Thread: The database system is in recovery mode

The database system is in recovery mode

From
Trevor Astrope
Date:
Our database just experienced the problem in the subject line. After the
error, the database was still up, but would issue the error to any new
connections. The stats collector process, a vacuum and one other
connection were all in an uninterruptable state and the machine had to be
rebooted.

 Could this be the linux kernel randomly killing processes under heavy
load issue?  I've seen that happen on other machines before, but in those
cases the kernel logged when it was killing processes in syslog... There
were no messages in syslog in this case.

System is postgresql 7.2.1 on redhat 7.2. Here's the logs:

2003-05-01 16:54:08 DEBUG:  server process (pid 2599) was terminated by signal 11
2003-05-01 16:54:08 DEBUG:  terminating any other active server processes
2003-05-01 16:54:08 NOTICE:  Message from PostgreSQL backend:
        The Postmaster has informed me that some other backend
        died abnormally and possibly corrupted shared memory.
        I have rolled back the current transaction and am
        going to terminate your database system connection and exit.
        Please reconnect to the database system and repeat your query.

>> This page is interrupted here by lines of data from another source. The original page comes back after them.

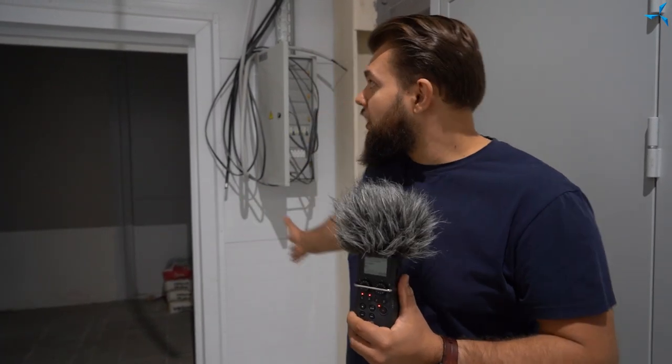Good afternoon, dear viewers. I'm happy to welcome you on Servalmos channel. As always, this is Alexander Suderev and we are in one of the buildings of the Design and Technological Bureau. In this video, let's talk about what works are being carried out today, on Monday.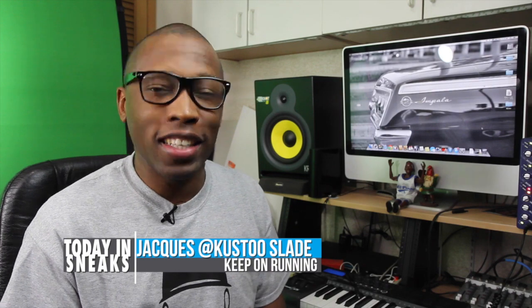Prime Knit, Flyknit, and Liberty. Let's keep it light today. I am your host Jacques Slade and this is Today in Sneaks.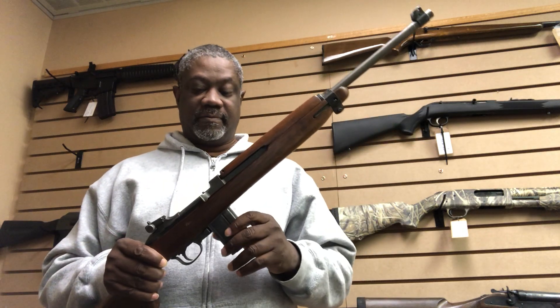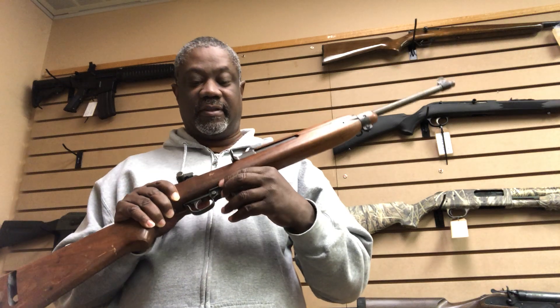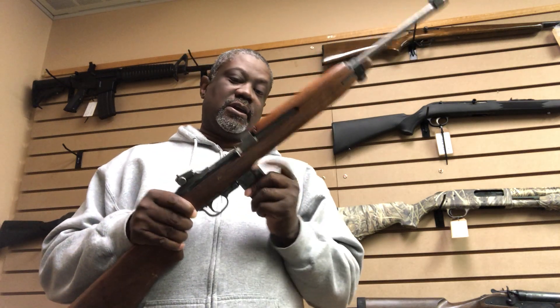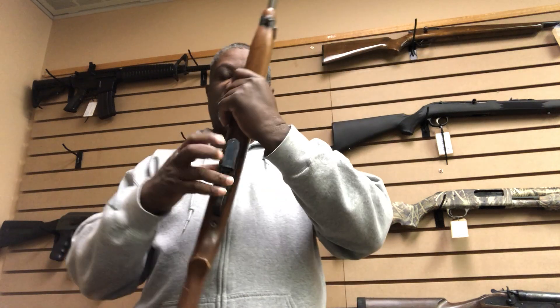It's a fully functional weapon. It has the safety features on it and a 15 round magazine that comes with the weapon. You can get this at Jaden Guns and Ammo — give us a call if you're interested.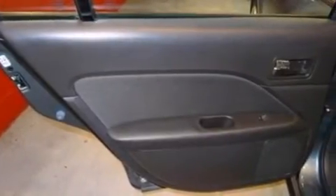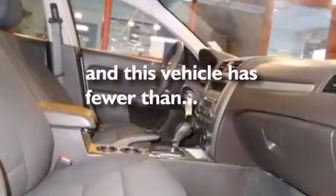Also included are rear seat child-proof door locks, air conditioning, a pass-through rear seat, and this vehicle has fewer than 45,000 miles on the odometer.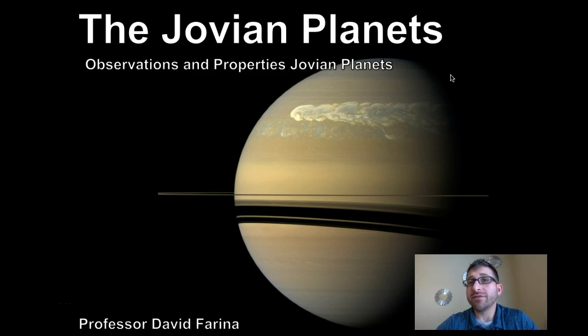Hi, I'm Professor David Farina. In today's lecture we're going to be discussing the Jovian planets — observations and properties of Jovian planets. Let's get started.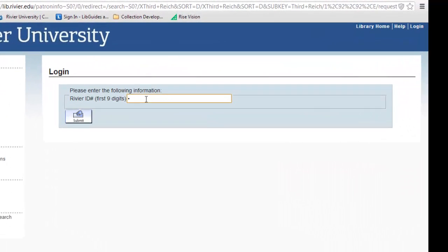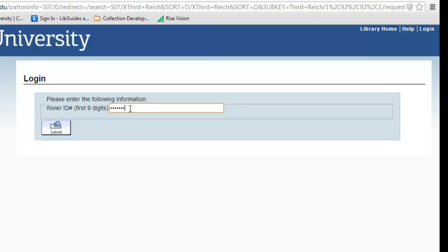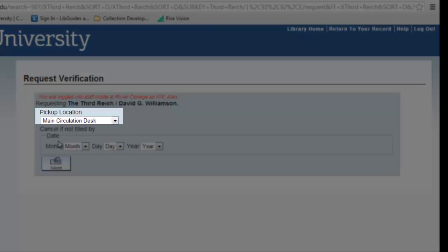Type in the 9 digits of your University ID located on the bottom center of your ID card, and then select where you want to pick up the book.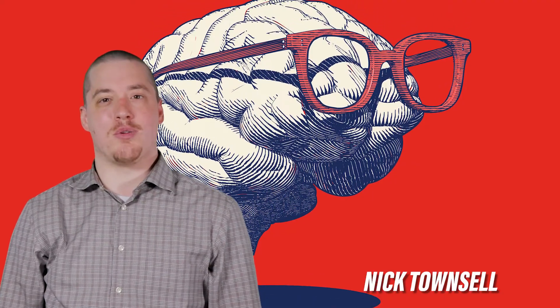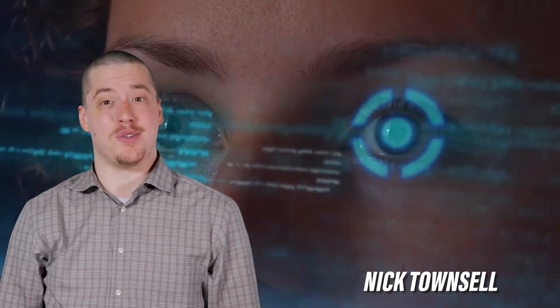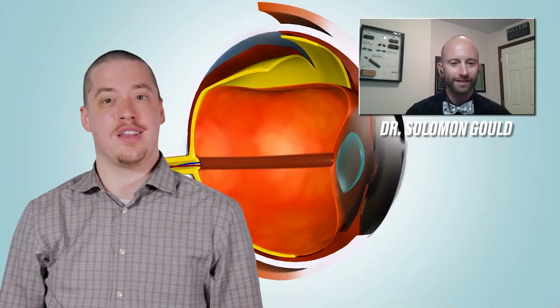Have you ever considered how your eyesight relates to your brain and your cognitive function? In this episode of OccuTalk, Dr. Solomon Gould will be discussing the connection between vision and cognition and new technology for cognitive vision testing.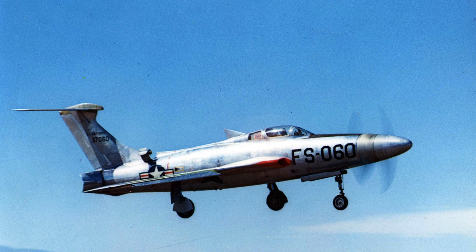The XF-84H Thunderscreech was an experimental aircraft developed by the United States Air Force in the mid-1950s. It attempted to combine turboprop efficiency with the speed of early jet fighters. Engineers believed a propeller-driven design could remain relevant in the jet age. Testing quickly revealed severe vibration, extreme noise, and structural stress that challenged every component of the aircraft.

After a bunch of these, the database goes in recovery mode:

2003-05-01 16:54:08 FATAL 1:  The database system is in recovery mode


Then after the machine is rebooted and while it is starting up, there is
these messages:

2003-05-01 17:35:49 DEBUG:  ReadRecord: unexpected pageaddr 21/37D94000 in log file 33, segment 63, offset 14237696
2003-05-01 17:35:49 DEBUG:  redo done at 21/3FD92564

I presume this is rerunning the WAL? Is the message serious...could there
be database corruption or just lost transactions?


Thanks for any help.


Regards,

Trevor Astrope
astrope@e-corp.net


Re: The database system is in recovery mode

From
Björn Metzdorf
Date:
double check your hardware, replace RAM and perhaps even hdd.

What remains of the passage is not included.